Frameworks change what you optimize for / 框架改变你的优化重心： instead of hand-writing loops, you spend more effort on experiment design, metrics, and reproducibility. / 你不再花大量时间手写循环，而是把精力更多放在实验设计、指标和可复现性上。

Policy, collector, and trainer own different responsibilities / policy、collector、trainer 各管一摊： the policy decides actions and learning logic, the collector interacts with environments, and the trainer coordinates the overall schedule. / policy 负责动作和学习逻辑，collector 负责和环境交互，trainer 负责总调度。把三者分清，框架才不会变成黑盒。

The goal is reusable experimentation / 目标是可复用实验： the real win is not shorter code, it is being able to swap seeds, environments, and configs without rewriting infrastructure. / 真正的收益不只是代码更短，而是你可以切换 seed、环境和配置，而不用重写基础设施。

Full runnable code / 完整可运行代码

A minimal but complete Tianshou DQN training pipeline on CartPole-v1. Save this as tianshou_cartpole.py and install the listed dependencies for the project stack.
A minimal but complete Tianshou DQN training pipeline on CartPole-v1. 可将下面代码保存为 tianshou_cartpole.py，并安装对应项目依赖后直接运行。

Dependencies / 依赖

▸ python>=3.10
▸ torch
▸ tianshou
▸ gymnasium
▸ numpy

Run commands / 运行命令

pip install torch tianshou gymnasium numpy

python tianshou_cartpole.py

File tree / 目录结构

tianshou-cartpole/
├── tianshou_cartpole.py
├── configs/
│   └── dqn_cartpole.yaml
└── logs/
    └── train.log

import gymnasium as gym
import numpy as np
import torch
import torch.nn as nn
from tianshou.data import Collector, VectorReplayBuffer
from tianshou.env import DummyVectorEnv
from tianshou.policy import DQNPolicy
from tianshou.trainer import offpolicy_trainer


train_envs = DummyVectorEnv([lambda: gym.make('CartPole-v1') for _ in range(4)])
test_envs = DummyVectorEnv([lambda: gym.make('CartPole-v1') for _ in range(4)])
state_shape = train_envs.observation_space.shape or train_envs.observation_space.n
action_shape = train_envs.action_space.n


class Net(nn.Module):
    def __init__(self):
        super().__init__()
        self.model = nn.Sequential(
            nn.Linear(state_shape[0], 128), nn.ReLU(),
            nn.Linear(128, 128), nn.ReLU(),
            nn.Linear(128, action_shape),
        )

    def forward(self, obs, state=None, info=None):
        if not isinstance(obs, torch.Tensor):
            obs = torch.tensor(obs, dtype=torch.float32)
        return self.model(obs), state


net = Net()
optim = torch.optim.Adam(net.parameters(), lr=1e-3)
policy = DQNPolicy(
    model=net,
    optim=optim,
    discount_factor=0.99,
    estimation_step=3,
    target_update_freq=320,
)

train_collector = Collector(policy, train_envs, VectorReplayBuffer(20000, len(train_envs)))
test_collector = Collector(policy, test_envs)
train_collector.collect(n_step=1024)

result = offpolicy_trainer(
    policy,
    train_collector,
    test_collector,
    max_epoch=5,
    step_per_epoch=2000,
    step_per_collect=10,
    episode_per_test=5,
    batch_size=64,
    update_per_step=0.1,
)
print(result)

Build Steps / 构建步骤

Model the workflow / 先建模工作流

Define config, seeds, and logging before writing training code so experiments stay reproducible. / 在写训练代码前先定义配置、seed 和日志，让实验可复现。

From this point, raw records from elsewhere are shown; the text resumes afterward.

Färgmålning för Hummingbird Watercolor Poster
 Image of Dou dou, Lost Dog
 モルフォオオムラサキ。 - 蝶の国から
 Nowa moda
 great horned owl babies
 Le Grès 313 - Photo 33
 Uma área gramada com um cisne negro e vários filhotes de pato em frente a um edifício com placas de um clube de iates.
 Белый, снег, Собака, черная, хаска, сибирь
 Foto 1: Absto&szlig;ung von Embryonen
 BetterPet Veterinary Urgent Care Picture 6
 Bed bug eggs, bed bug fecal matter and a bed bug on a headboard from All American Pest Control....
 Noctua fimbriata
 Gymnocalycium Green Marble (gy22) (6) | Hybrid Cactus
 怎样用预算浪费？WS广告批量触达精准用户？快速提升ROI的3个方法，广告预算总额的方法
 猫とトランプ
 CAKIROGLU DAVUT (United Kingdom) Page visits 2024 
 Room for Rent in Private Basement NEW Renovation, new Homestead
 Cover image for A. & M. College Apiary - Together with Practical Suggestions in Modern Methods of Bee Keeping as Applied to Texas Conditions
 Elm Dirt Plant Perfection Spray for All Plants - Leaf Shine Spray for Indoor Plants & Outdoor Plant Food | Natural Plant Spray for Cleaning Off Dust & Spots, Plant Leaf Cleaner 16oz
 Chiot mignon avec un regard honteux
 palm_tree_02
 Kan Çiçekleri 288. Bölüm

Build policy and collectors / 搭建 policy 与 collector

Implement a small Q-network, wrap it in DQNPolicy, and connect collectors to vectorized environments. / 实现小型 Q 网络，封装成 DQNPolicy，并把 collector 接到向量化环境。

Use the trainer abstraction / 使用 trainer 抽象

Let Tianshou handle the experiment loop while you focus on metrics and failure analysis. / 让 Tianshou 处理实验循环，而你把注意力放在指标和错误分析上。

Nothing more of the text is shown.